Mobile lab to scope out air hazards
Determined to pinpoint what kind of pollution is swirling in the air around the region's ports, a crew of scientists this week will begin cruising Southern California streets and freeways in a one-of-a-kind mobile research lab.
In a car equipped with $450,000 worth of the world's most sophisticated air monitors and a wind sensor protruding like a giant metal claw from the roof, researchers Tuesday will begin sampling the air in several South Bay communities, examining exhaust from cars, trucks and other sources.
"We want real-life conditions, and if real-life conditions means people in traffic, then that's what we want," said Kathleen Kozawa, 28, a UCLA School of Public Health doctoral student who was at the wheel of the mobile lab on a recent weekday.
Chasing pollution in a laboratory on wheels helps fill gaping holes in data about what we breathe in sprawling Southern California, which has just 35 fixed air-monitoring stations spread across 10,743 square miles.
The scientists, from the California Air Resources Board, completed a similar study a few years ago, showing how much bad air we breathe in our cars.
The publicly funded researchers learned that commuters on the Harbor and Long Beach freeways ingested half of their daily pollution while on the road -- even though most people spend just 6% of their day driving.
"We're taking the instruments to where people live and where people spend their time -- in their cars and their neighborhoods," said Scott Fruin, an air resources board pollution specialist who helped design and build the mobile lab and is now a USC assistant professor.
For the latest experiment, Fruin and other air board staff borrowed a discontinued model of an electric Toyota RAV-4 (so they wouldn't be measuring their own exhaust), ripped out the back seats and sawed, nailed, clamped and bungee-corded to the innards a dozen sophisticated monitors, a police "stalker vision" video camera, five marine batteries weighing a combined 400 pounds and a tangle of extension cords.

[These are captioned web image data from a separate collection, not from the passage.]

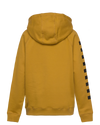 Boys Boxed Hoodie in Harvest Gold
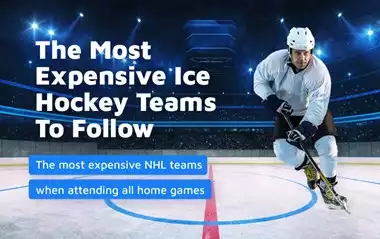 Most Expensive Ice Hockey Teams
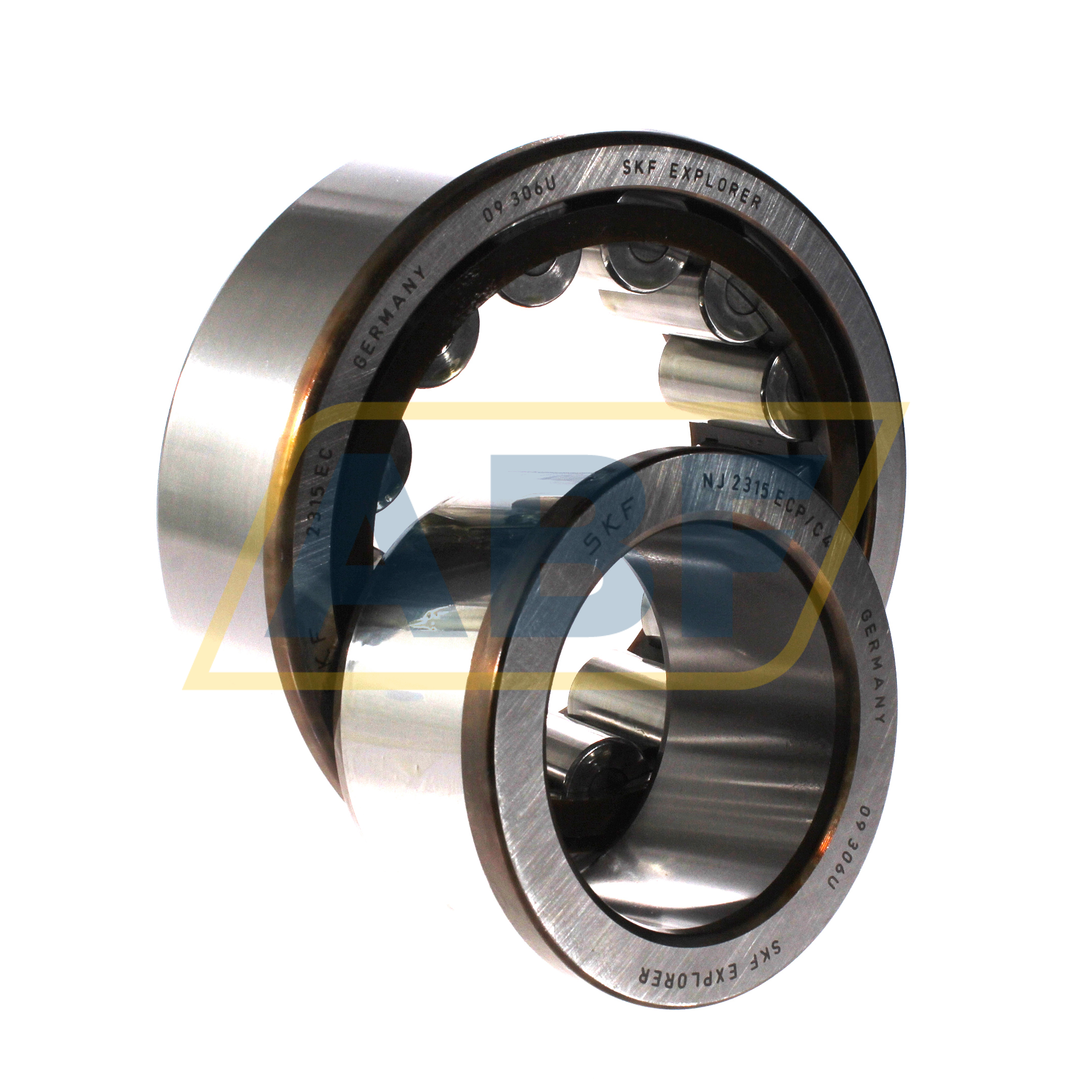 NJ2315ECP/C4 SKF
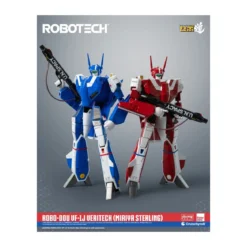 Three Zero - ROBOTECH - VF-1J Veritech (Miriya Sterling) Robo-Dou - Macross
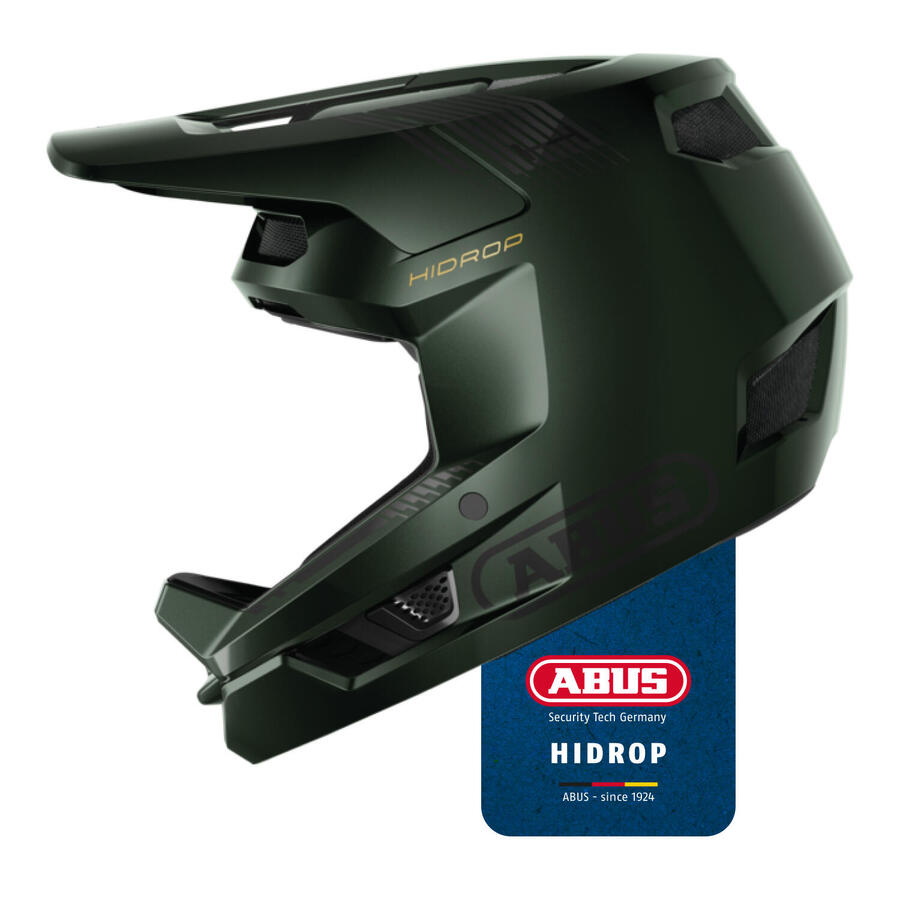 Велосипедный шлем Abus Aventor
Велосипедный шлем Abus Aventor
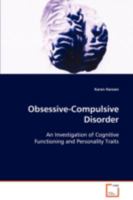 Obsessive-Compulsive Disorder 3639098226 Book Cover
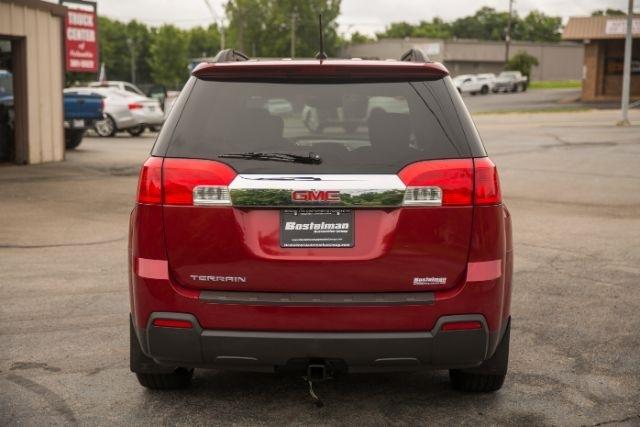 GMC Terrain  2014
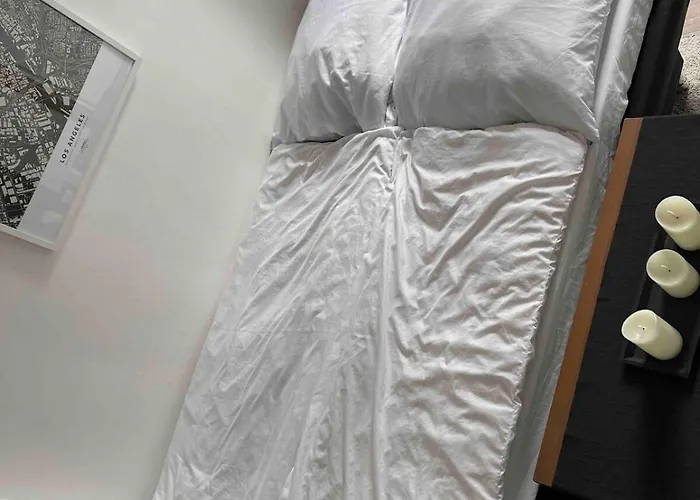 Luehnder Apartmán *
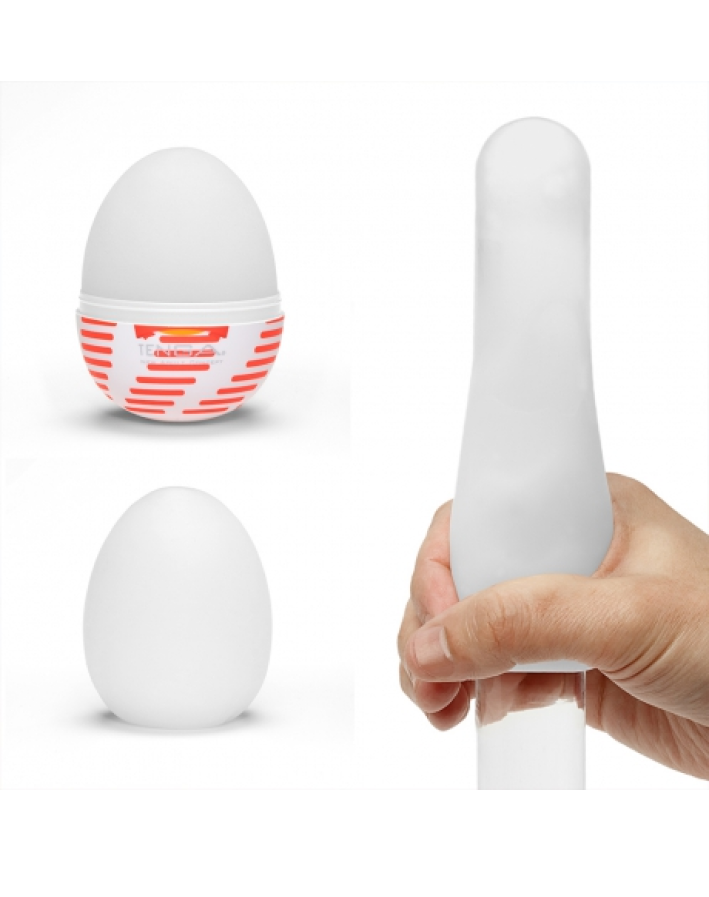 Мастурбатор яйцо Tenga EGG WONDER TUBE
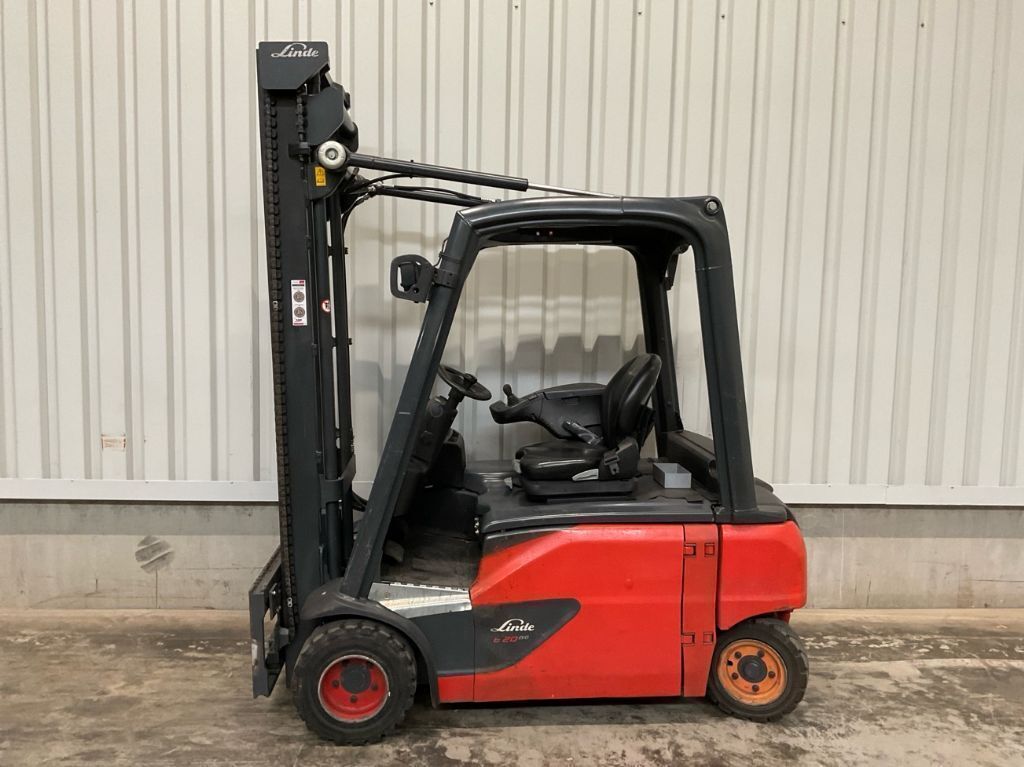 Linde E20PL-02 BR386 1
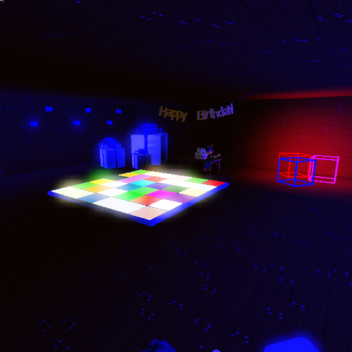 Gabahero Birthday Party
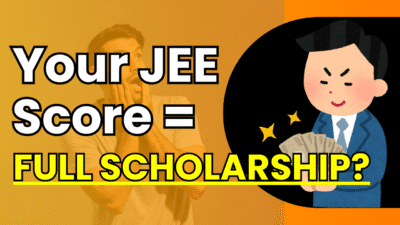 Study Abroad Blog for Indians 13 for Study Abroad Blog for Indians Indian student discovering JEE Mains score can help win scholarships abroad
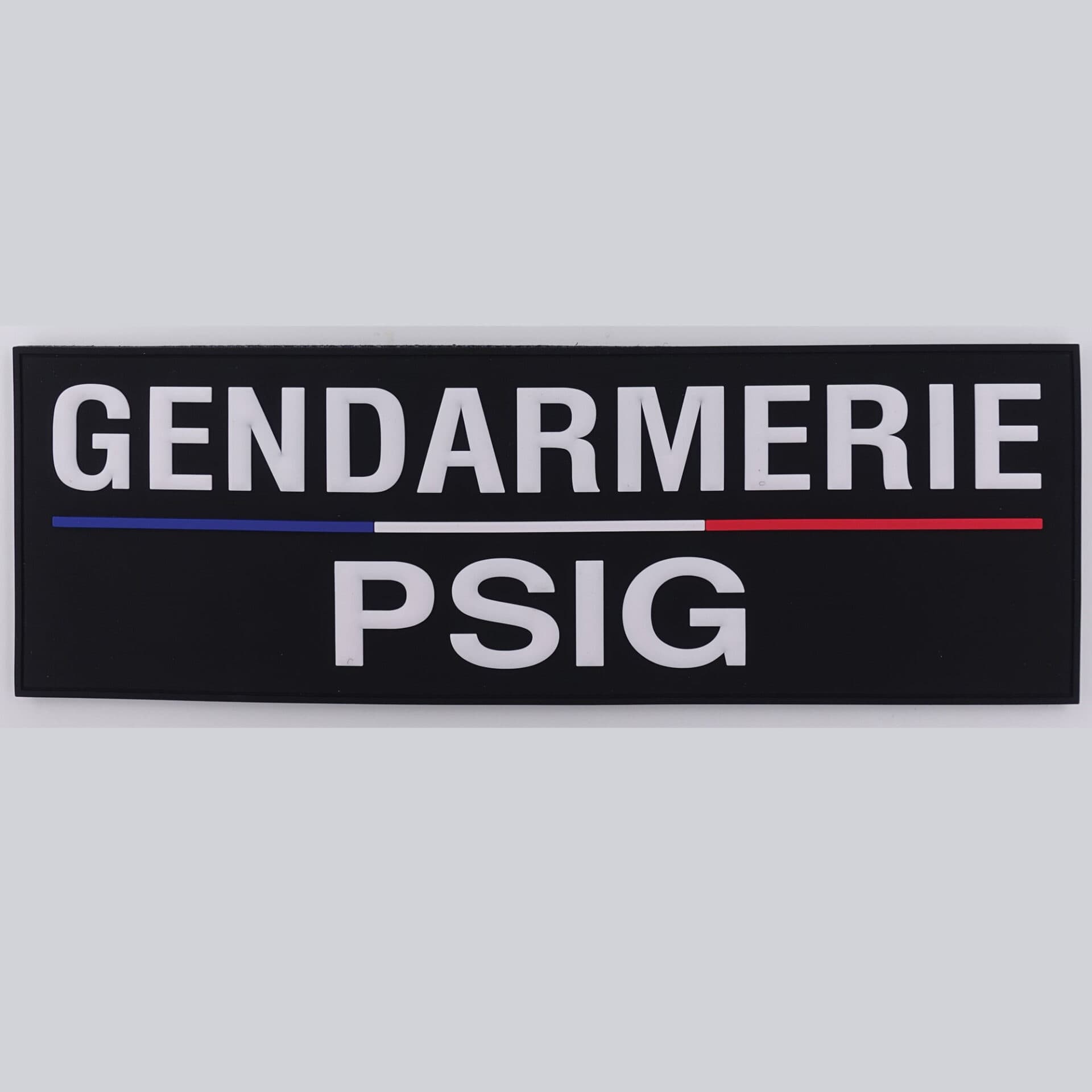 Bandeau d'identification souple Rubber - Haute densité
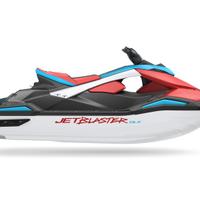 PROMO Moto D'acqua Yamaha Jet Blaster DLX 2025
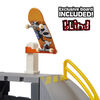 Tech Deck, Sk8 Garage X-Connect Park Creator, Customizable and Buildable Ramp Set with Exclusive Fingerboard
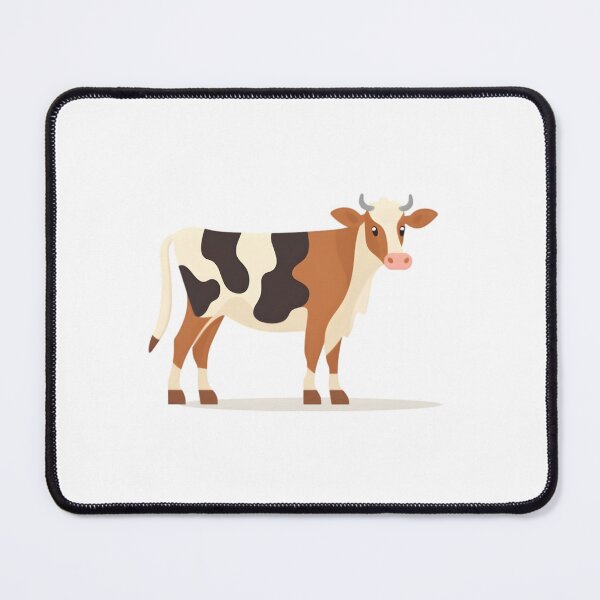 Item preview, The Gentle Farm Cow designed and sold by ZappyP.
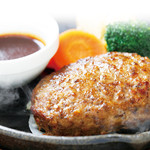 Anju - 山形牛ハンバーグステーキ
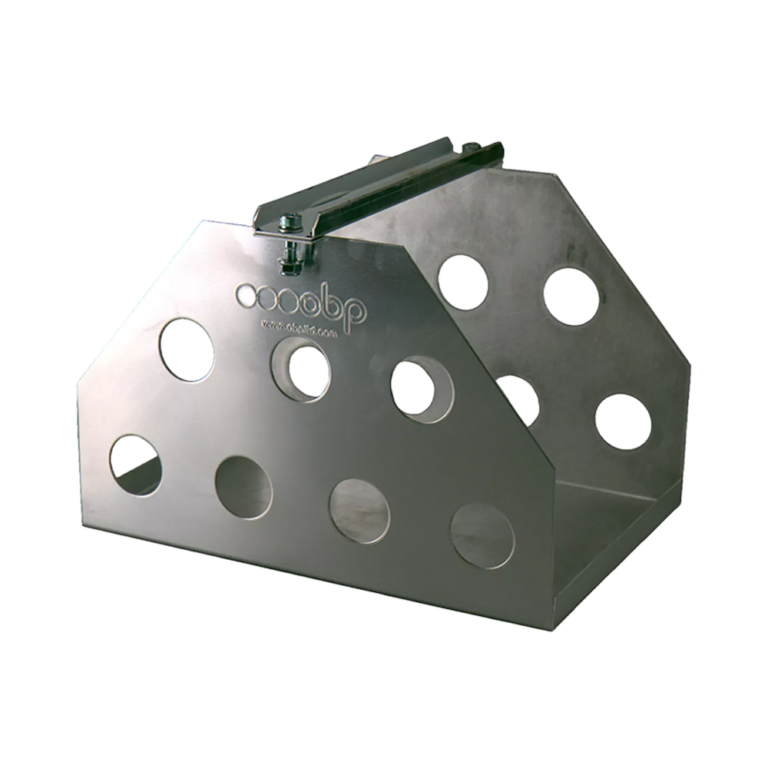 OBP Aluminium Battery Tray - OBP0B70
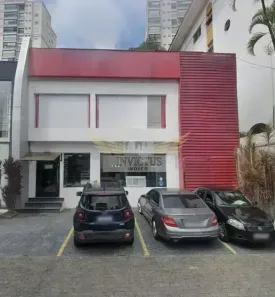 Prédio Comercial para alugar, 279m² no Jardim Bela Vista, Santo André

On the roof they glued the giant claw to locate wind direction and plumes and a jumbo antennae to track humidity and temperature.
For the first study, completed in 2004 in a nearly identical lab, the scientists drove and re-drove a 75-mile freeway loop between Pasadena and Long Beach.
They learned that the air in a moving vehicle can change dozens of times in an hour, even if the windows are closed.